**WHAT TO PRODUCE:** Of the material below, the lines to be retyped are those from the line containing "Fermette de plain-pied" through the line containing "3335 Lobsinger Line, St.", inclusive; reproduce them exactly.

<<<<

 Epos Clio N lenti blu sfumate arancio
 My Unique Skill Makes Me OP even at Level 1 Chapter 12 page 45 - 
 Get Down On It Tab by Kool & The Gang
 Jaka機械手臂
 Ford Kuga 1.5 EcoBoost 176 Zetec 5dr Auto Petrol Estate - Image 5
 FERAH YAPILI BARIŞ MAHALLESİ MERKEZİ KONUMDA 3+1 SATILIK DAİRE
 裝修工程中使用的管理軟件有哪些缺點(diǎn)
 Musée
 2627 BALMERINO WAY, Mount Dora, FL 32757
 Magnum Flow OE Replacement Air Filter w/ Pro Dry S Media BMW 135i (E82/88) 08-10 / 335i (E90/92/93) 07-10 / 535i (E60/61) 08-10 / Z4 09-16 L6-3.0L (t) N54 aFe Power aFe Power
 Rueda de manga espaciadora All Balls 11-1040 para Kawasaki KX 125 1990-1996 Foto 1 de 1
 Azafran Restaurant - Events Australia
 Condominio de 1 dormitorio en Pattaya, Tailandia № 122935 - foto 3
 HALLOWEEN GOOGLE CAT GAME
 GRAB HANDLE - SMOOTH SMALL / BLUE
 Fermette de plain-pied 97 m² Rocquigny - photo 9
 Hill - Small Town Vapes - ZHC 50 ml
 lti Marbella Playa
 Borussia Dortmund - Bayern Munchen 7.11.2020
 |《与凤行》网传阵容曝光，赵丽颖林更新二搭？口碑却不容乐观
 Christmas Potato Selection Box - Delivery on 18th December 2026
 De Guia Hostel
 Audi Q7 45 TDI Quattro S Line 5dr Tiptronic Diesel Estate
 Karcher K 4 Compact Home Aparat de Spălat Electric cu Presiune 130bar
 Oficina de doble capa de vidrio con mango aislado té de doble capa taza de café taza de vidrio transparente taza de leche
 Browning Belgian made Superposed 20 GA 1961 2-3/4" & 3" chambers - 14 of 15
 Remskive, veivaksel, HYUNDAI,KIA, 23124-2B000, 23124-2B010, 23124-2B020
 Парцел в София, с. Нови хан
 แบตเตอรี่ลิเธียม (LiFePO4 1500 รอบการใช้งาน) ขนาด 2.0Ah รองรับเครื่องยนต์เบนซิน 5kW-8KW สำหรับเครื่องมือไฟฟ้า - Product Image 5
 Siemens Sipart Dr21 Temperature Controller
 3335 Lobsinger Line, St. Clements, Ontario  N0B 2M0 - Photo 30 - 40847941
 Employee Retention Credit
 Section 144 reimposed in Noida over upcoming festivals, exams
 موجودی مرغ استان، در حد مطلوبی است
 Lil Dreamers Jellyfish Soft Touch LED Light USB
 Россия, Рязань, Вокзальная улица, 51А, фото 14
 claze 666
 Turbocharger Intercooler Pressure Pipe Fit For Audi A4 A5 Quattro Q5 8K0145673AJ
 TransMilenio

>>>>

**WRITTEN SOLUTION:**
 Fermette de plain-pied 97 m² Rocquigny - photo 9
 Hill - Small Town Vapes - ZHC 50 ml
 lti Marbella Playa
 Borussia Dortmund - Bayern Munchen 7.11.2020
 |《与凤行》网传阵容曝光，赵丽颖林更新二搭？口碑却不容乐观
 Christmas Potato Selection Box - Delivery on 18th December 2026
 De Guia Hostel
 Audi Q7 45 TDI Quattro S Line 5dr Tiptronic Diesel Estate
 Karcher K 4 Compact Home Aparat de Spălat Electric cu Presiune 130bar
 Oficina de doble capa de vidrio con mango aislado té de doble capa taza de café taza de vidrio transparente taza de leche
 Browning Belgian made Superposed 20 GA 1961 2-3/4" & 3" chambers - 14 of 15
 Remskive, veivaksel, HYUNDAI,KIA, 23124-2B000, 23124-2B010, 23124-2B020
 Парцел в София, с. Нови хан
 แบตเตอรี่ลิเธียม (LiFePO4 1500 รอบการใช้งาน) ขนาด 2.0Ah รองรับเครื่องยนต์เบนซิน 5kW-8KW สำหรับเครื่องมือไฟฟ้า - Product Image 5
 Siemens Sipart Dr21 Temperature Controller
 3335 Lobsinger Line, St. Clements, Ontario  N0B 2M0 - Photo 30 - 40847941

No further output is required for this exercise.